§ **EXERCISE OBJECTIVE**: Set down exactly the lines below between the line holding "ΑΝΔΡΙΚΟ T-SHIRT | Μαύρο XL" and the line holding "Ecrans: Mimo UM-1080C-G", inclusive; no other line belongs in the answer.

§ **ENTRIES SHOWN**:
::::::::::
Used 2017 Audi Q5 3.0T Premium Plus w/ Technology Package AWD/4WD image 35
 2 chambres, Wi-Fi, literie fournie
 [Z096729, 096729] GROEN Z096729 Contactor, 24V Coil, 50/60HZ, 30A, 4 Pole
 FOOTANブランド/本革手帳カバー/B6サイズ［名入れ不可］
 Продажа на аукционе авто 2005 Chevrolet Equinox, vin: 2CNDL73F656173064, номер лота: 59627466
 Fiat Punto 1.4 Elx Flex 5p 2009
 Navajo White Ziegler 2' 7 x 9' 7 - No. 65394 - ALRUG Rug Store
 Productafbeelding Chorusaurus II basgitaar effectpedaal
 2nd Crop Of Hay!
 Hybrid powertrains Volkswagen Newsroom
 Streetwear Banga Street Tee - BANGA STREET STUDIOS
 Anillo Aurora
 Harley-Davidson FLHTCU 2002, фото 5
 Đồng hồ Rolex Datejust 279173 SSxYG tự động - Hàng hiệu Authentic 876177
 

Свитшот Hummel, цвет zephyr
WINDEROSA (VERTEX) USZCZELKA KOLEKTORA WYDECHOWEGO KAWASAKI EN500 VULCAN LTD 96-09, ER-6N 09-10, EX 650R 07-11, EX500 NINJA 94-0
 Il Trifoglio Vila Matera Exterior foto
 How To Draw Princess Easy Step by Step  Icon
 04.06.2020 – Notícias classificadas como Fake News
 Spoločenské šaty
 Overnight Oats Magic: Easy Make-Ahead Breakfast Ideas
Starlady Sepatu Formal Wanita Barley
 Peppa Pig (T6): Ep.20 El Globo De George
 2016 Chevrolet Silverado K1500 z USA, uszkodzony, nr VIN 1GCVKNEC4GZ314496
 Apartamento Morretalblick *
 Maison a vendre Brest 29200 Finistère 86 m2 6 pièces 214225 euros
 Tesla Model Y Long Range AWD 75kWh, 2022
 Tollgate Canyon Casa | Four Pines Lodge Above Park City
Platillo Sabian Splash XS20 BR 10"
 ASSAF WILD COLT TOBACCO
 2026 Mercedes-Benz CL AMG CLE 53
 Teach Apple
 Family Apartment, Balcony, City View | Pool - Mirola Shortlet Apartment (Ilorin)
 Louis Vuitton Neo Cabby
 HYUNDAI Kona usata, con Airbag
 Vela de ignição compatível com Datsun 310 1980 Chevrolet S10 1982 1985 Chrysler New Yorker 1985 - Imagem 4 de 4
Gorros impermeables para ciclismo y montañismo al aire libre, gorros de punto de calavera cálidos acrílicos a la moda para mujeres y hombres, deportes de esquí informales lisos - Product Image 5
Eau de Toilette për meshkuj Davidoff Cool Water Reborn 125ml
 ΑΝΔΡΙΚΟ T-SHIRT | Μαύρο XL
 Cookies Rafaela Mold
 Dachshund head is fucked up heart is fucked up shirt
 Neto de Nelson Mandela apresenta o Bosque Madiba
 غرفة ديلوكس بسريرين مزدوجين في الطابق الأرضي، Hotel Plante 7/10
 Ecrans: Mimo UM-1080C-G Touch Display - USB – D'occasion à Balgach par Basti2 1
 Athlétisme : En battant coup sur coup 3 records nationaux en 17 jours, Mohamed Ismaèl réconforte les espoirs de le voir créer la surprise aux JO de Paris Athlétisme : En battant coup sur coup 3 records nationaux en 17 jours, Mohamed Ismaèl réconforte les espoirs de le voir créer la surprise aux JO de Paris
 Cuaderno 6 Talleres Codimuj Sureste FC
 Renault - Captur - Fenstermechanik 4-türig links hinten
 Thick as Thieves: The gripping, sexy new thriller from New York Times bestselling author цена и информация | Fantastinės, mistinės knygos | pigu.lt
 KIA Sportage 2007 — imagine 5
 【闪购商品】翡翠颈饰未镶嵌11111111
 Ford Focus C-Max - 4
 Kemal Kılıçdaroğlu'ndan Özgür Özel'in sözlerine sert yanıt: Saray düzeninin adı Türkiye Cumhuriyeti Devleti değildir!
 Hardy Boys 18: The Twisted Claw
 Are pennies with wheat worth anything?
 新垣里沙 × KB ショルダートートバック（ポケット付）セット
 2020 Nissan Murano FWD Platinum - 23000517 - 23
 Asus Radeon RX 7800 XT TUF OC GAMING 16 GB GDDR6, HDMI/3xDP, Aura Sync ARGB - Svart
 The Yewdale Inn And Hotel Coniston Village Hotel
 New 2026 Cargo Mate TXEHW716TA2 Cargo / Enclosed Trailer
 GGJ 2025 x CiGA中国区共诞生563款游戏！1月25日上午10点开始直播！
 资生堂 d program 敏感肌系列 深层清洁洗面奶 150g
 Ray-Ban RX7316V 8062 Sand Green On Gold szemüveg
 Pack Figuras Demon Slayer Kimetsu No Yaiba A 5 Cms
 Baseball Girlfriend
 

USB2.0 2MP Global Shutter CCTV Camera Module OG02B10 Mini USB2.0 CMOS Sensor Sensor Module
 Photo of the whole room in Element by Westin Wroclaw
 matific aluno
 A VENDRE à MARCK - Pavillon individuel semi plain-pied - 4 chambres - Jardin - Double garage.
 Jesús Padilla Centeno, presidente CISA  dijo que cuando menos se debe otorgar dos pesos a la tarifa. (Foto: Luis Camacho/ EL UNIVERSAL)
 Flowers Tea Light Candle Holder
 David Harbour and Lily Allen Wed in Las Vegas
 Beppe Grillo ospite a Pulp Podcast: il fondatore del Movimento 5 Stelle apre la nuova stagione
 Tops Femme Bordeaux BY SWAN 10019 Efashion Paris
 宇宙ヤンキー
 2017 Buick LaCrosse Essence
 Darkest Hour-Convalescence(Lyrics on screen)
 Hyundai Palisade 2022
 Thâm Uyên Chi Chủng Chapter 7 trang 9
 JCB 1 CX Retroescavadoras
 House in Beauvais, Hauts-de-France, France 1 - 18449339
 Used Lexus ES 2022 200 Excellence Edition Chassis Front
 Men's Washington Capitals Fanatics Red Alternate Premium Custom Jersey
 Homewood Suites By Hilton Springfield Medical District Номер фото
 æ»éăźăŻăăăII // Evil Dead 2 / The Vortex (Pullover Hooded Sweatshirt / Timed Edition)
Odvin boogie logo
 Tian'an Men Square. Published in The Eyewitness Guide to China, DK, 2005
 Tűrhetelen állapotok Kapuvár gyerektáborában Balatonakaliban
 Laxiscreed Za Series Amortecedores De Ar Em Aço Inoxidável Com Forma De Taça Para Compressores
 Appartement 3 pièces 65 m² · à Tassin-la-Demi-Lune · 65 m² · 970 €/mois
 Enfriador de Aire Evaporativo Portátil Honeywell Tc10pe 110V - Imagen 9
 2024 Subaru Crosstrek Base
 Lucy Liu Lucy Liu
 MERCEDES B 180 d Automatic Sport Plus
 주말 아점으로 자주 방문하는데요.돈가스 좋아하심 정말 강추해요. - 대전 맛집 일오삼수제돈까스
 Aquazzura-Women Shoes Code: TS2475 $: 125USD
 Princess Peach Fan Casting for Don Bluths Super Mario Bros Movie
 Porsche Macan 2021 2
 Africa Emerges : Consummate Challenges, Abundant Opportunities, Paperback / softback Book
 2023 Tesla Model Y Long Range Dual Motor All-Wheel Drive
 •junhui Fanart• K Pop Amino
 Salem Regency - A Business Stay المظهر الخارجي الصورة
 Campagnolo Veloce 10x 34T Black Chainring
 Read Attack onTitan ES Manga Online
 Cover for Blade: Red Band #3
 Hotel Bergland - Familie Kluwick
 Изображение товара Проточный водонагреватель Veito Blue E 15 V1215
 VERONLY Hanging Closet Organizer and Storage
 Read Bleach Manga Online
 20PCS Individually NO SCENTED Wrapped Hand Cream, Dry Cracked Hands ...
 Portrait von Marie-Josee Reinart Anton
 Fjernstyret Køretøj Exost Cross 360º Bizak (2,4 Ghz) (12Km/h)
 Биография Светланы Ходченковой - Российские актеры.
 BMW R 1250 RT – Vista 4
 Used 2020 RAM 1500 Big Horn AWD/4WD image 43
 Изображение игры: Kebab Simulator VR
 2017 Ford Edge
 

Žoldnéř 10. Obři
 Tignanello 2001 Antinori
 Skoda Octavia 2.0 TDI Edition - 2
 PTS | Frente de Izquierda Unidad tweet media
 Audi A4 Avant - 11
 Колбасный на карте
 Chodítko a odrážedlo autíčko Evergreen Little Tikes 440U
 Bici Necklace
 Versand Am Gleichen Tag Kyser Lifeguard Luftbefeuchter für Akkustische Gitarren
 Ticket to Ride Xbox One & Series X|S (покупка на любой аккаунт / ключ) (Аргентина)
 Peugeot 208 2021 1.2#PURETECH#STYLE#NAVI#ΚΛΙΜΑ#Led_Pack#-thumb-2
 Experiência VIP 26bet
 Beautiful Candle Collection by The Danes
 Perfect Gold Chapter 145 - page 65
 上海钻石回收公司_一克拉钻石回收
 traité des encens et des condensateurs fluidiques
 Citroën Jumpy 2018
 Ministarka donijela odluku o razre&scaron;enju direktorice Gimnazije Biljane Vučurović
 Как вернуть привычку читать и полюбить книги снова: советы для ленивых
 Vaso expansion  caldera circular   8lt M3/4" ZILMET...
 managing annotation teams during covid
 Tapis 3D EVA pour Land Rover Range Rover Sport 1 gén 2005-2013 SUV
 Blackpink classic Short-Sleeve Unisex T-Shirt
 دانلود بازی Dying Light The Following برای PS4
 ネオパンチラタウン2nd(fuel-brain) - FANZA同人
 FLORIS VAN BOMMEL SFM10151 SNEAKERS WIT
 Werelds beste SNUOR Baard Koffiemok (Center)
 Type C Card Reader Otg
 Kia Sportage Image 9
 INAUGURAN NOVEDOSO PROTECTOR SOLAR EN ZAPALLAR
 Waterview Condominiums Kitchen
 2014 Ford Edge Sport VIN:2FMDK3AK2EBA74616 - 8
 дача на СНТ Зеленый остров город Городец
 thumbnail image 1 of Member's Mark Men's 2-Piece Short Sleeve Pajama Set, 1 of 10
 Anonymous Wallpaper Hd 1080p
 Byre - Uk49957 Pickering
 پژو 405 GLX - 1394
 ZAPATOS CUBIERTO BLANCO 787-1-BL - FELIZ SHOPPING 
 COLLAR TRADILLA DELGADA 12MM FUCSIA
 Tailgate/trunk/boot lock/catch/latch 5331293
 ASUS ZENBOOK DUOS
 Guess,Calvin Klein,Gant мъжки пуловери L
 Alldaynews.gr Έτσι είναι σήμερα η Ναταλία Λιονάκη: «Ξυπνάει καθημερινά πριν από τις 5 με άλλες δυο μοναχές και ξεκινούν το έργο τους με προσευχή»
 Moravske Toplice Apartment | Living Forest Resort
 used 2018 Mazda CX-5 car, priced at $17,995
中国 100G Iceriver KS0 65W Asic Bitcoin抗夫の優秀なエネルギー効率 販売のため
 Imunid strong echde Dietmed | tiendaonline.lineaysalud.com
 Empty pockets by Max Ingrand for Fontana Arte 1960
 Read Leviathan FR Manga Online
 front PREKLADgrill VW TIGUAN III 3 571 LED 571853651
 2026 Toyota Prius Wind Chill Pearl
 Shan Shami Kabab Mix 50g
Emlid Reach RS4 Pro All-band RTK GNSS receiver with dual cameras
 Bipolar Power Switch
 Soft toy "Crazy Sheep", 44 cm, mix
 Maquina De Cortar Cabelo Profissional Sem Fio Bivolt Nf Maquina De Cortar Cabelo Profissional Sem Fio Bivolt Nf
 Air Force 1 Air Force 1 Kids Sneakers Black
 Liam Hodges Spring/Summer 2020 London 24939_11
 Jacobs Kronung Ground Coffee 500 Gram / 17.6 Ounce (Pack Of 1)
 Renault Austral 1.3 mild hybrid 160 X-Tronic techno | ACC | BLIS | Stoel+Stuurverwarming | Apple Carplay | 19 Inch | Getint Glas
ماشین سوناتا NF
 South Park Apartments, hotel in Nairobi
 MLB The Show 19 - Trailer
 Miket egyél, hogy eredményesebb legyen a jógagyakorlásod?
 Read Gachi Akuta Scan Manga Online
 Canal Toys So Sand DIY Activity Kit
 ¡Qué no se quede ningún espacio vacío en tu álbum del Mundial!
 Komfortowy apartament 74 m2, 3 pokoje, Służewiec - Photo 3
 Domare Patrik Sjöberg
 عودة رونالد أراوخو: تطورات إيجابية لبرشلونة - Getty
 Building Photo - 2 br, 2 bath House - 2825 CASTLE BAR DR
::::::::::
§ **REPLY**:
 ΑΝΔΡΙΚΟ T-SHIRT | Μαύρο XL
 Cookies Rafaela Mold
 Dachshund head is fucked up heart is fucked up shirt
 Neto de Nelson Mandela apresenta o Bosque Madiba
 غرفة ديلوكس بسريرين مزدوجين في الطابق الأرضي، Hotel Plante 7/10
 Ecrans: Mimo UM-1080C-G Touch Display - USB – D'occasion à Balgach par Basti2 1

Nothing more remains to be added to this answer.